Instructions for the task
From the line containing "Bundles of dried" to the line containing "Trail 1 photo 6" in the entries below, reproduce every line exactly, ends included. Nothing else belongs in the copy, and no pictures.

Extracted data
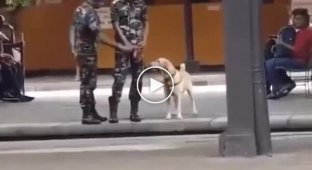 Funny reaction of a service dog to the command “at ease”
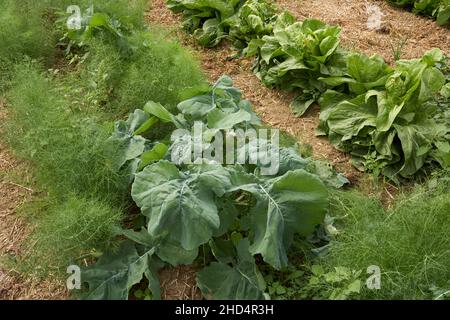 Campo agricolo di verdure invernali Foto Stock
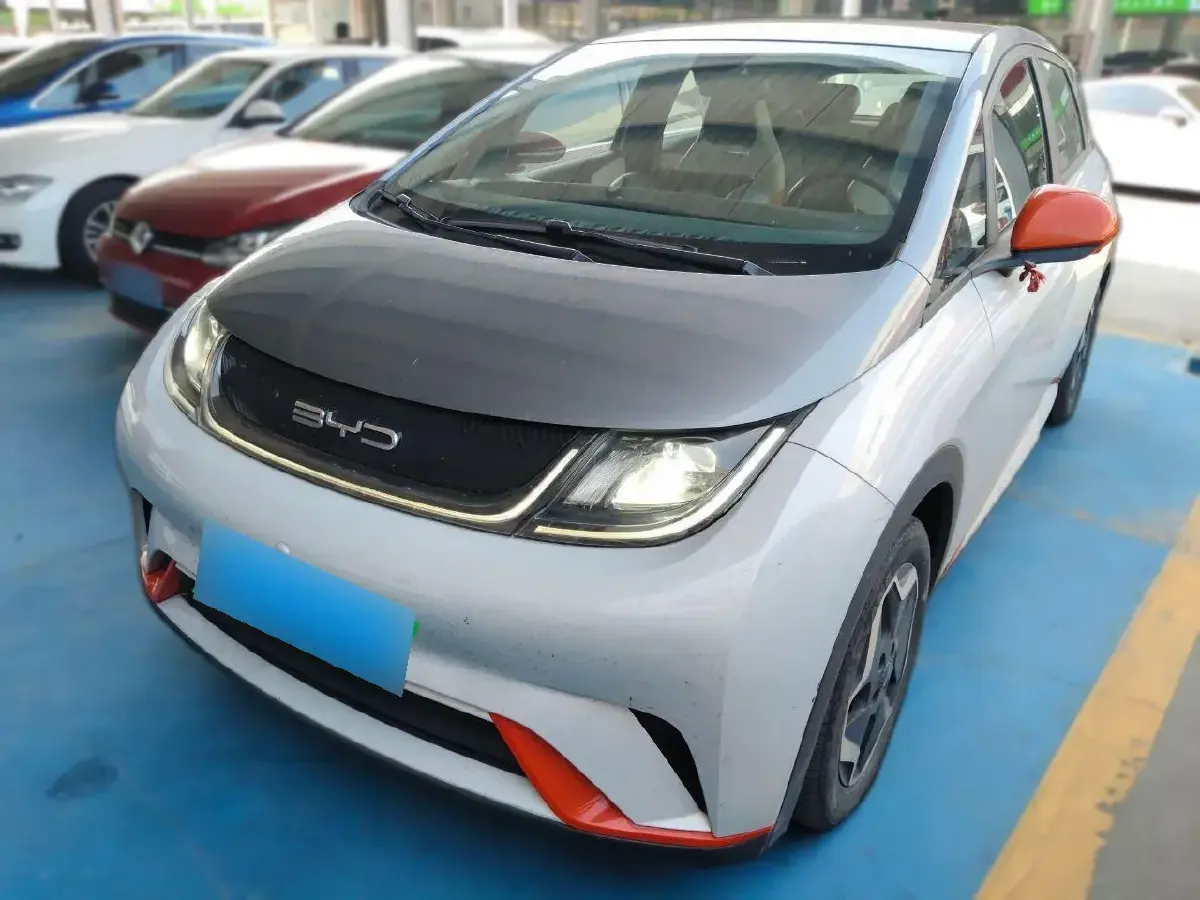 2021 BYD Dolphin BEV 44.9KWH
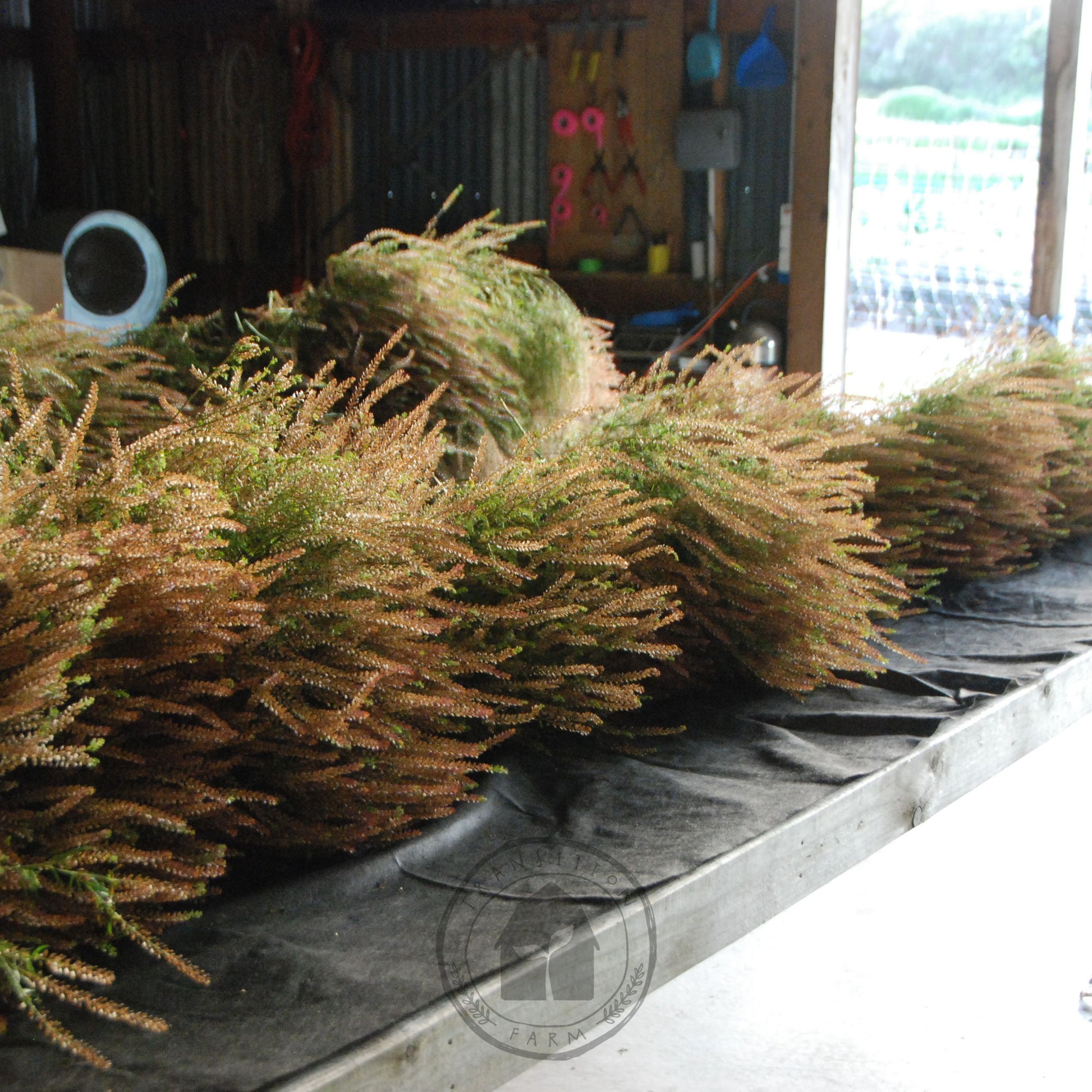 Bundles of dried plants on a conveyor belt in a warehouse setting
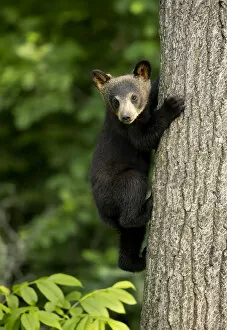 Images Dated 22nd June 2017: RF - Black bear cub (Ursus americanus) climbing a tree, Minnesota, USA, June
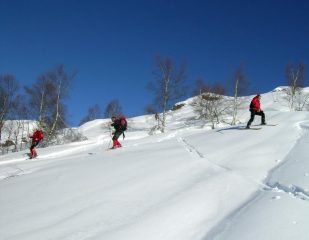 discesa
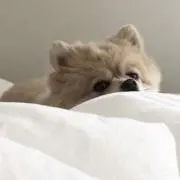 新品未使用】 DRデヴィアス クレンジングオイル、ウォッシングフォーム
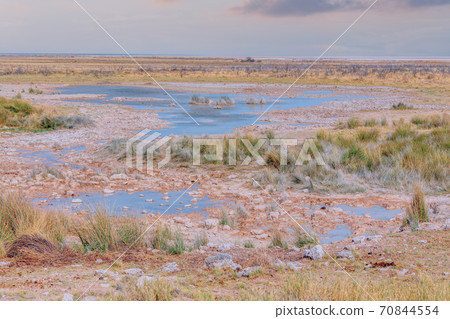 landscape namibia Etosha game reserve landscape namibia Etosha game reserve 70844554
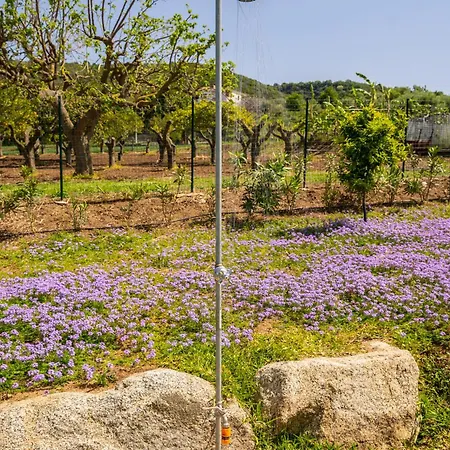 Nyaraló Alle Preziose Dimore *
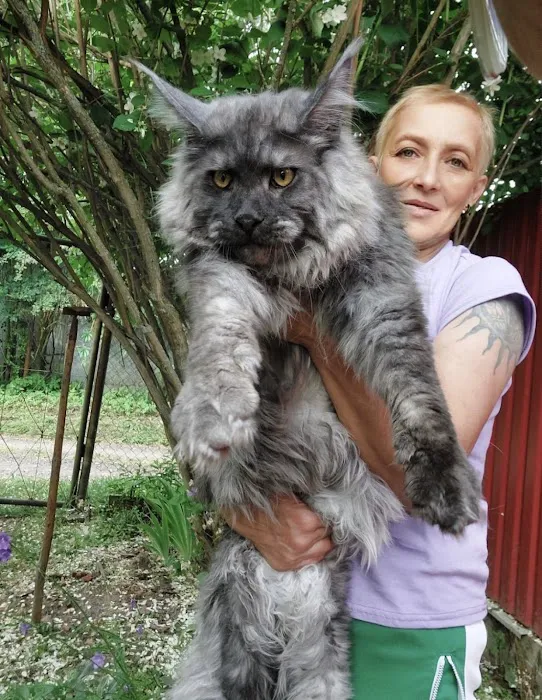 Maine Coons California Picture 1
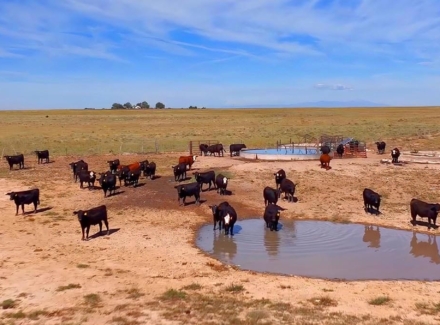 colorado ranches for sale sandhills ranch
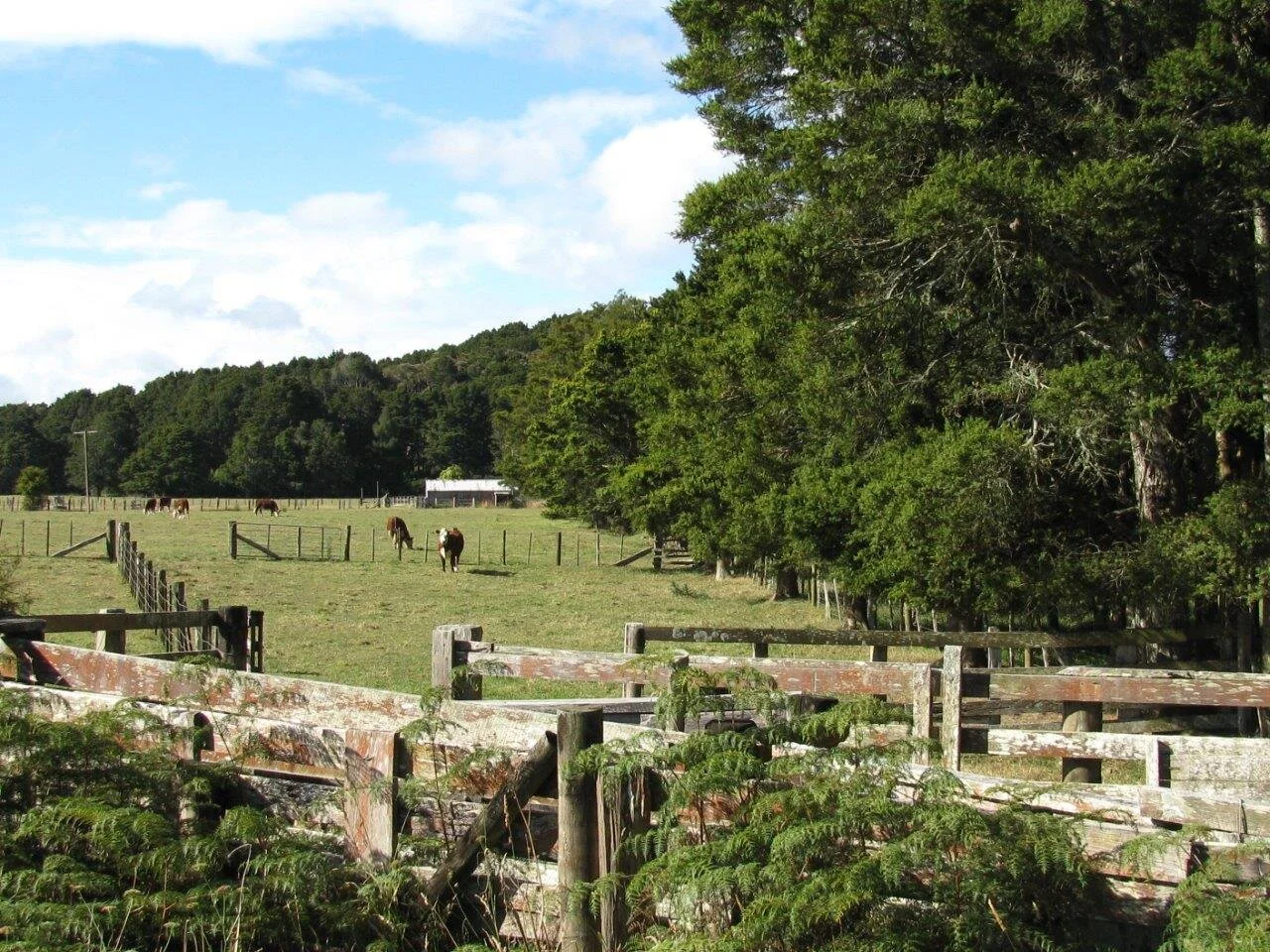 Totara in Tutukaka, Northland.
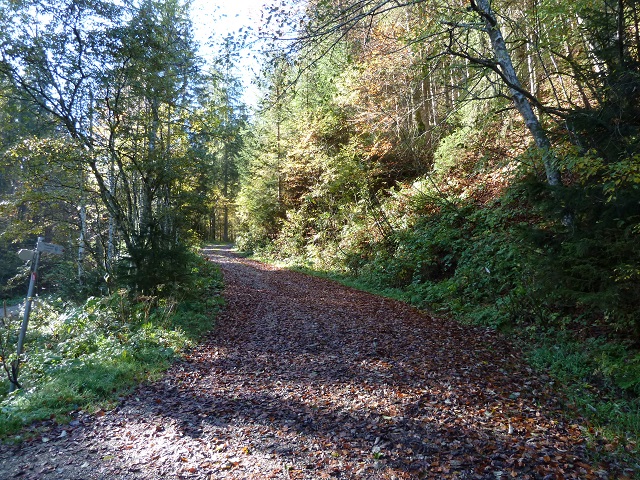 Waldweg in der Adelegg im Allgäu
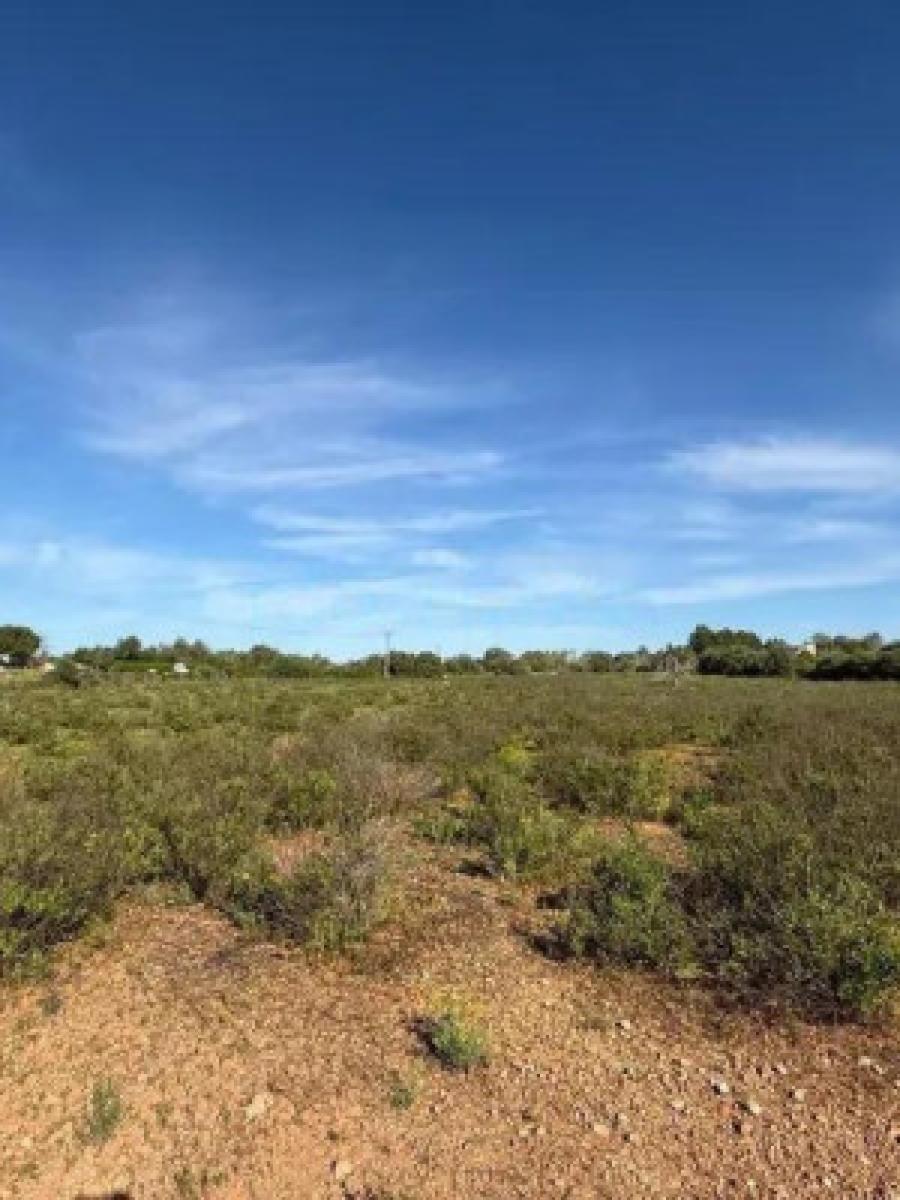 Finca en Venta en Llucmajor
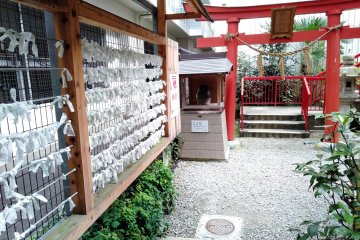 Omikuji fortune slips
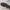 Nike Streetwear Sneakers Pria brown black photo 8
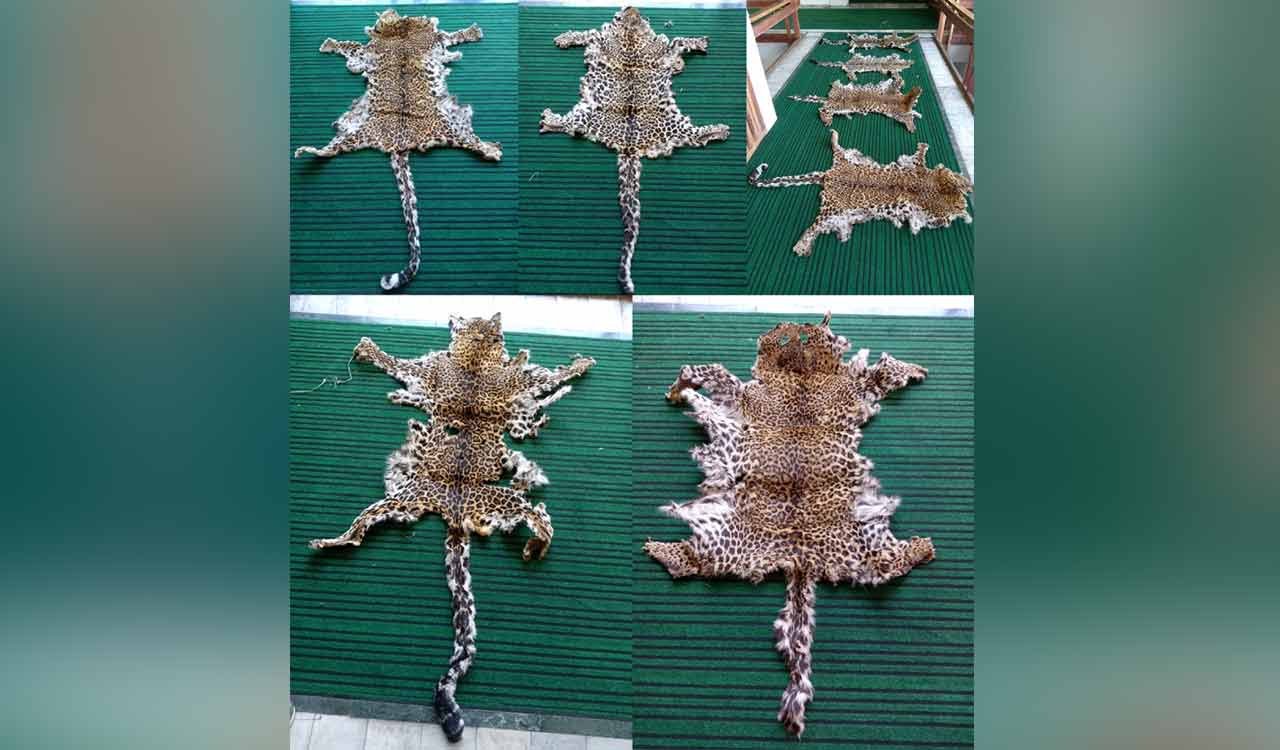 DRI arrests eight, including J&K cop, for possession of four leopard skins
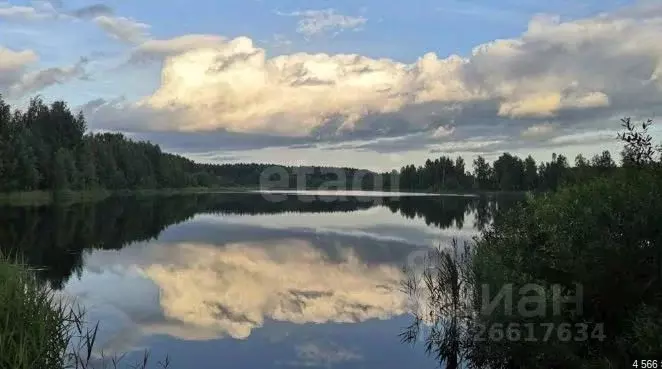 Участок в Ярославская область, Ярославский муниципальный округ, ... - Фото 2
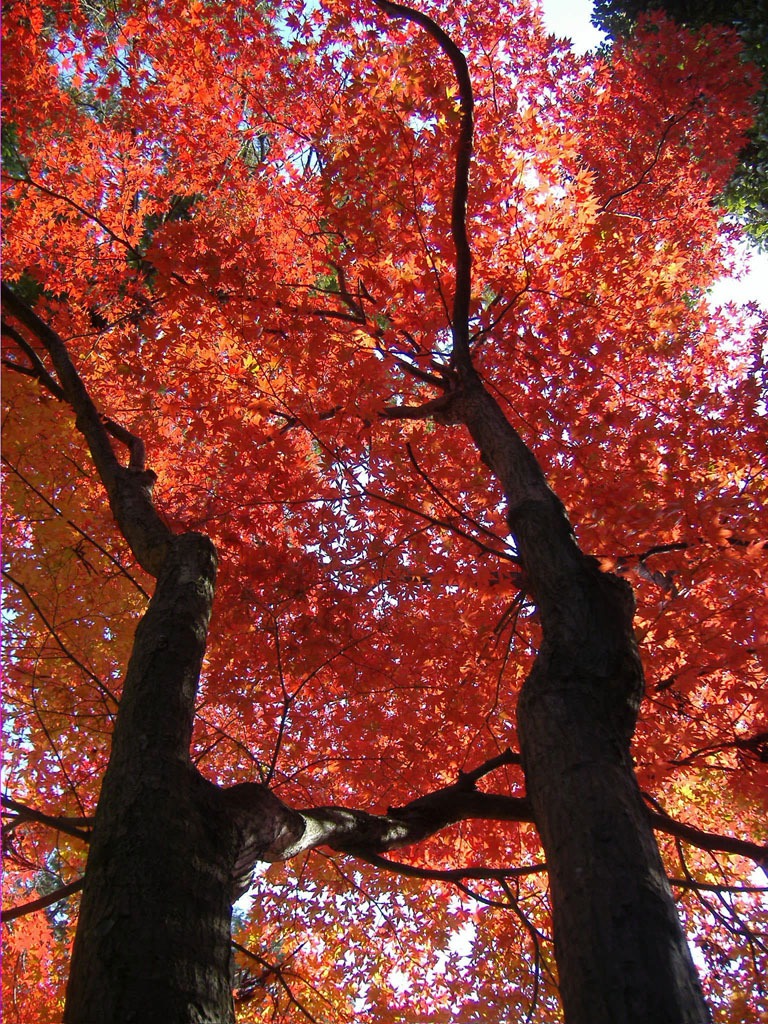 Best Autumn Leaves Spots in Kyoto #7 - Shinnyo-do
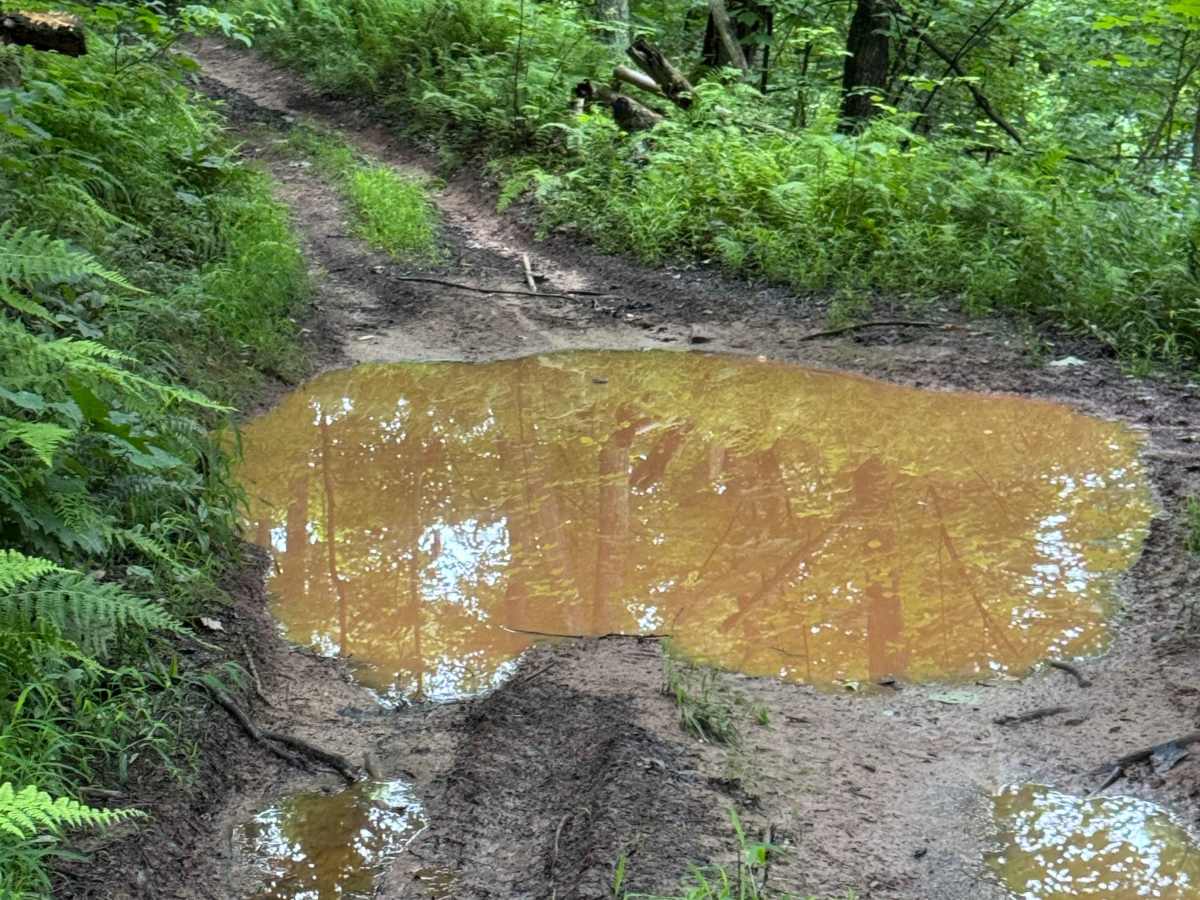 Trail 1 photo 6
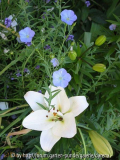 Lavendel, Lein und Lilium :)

Answer box
 Bundles of dried plants on a conveyor belt in a warehouse setting
 Images Dated 22nd June 2017: RF - Black bear cub (Ursus americanus) climbing a tree, Minnesota, USA, June
 discesa
 新品未使用】 DRデヴィアス クレンジングオイル、ウォッシングフォーム
 landscape namibia Etosha game reserve landscape namibia Etosha game reserve 70844554
 Nyaraló Alle Preziose Dimore *
 Maine Coons California Picture 1
 colorado ranches for sale sandhills ranch
 Totara in Tutukaka, Northland.
 Waldweg in der Adelegg im Allgäu
 Finca en Venta en Llucmajor
 Omikuji fortune slips
 Nike Streetwear Sneakers Pria brown black photo 8
 DRI arrests eight, including J&K cop, for possession of four leopard skins
 Участок в Ярославская область, Ярославский муниципальный округ, ... - Фото 2
 Best Autumn Leaves Spots in Kyoto #7 - Shinnyo-do
 Trail 1 photo 6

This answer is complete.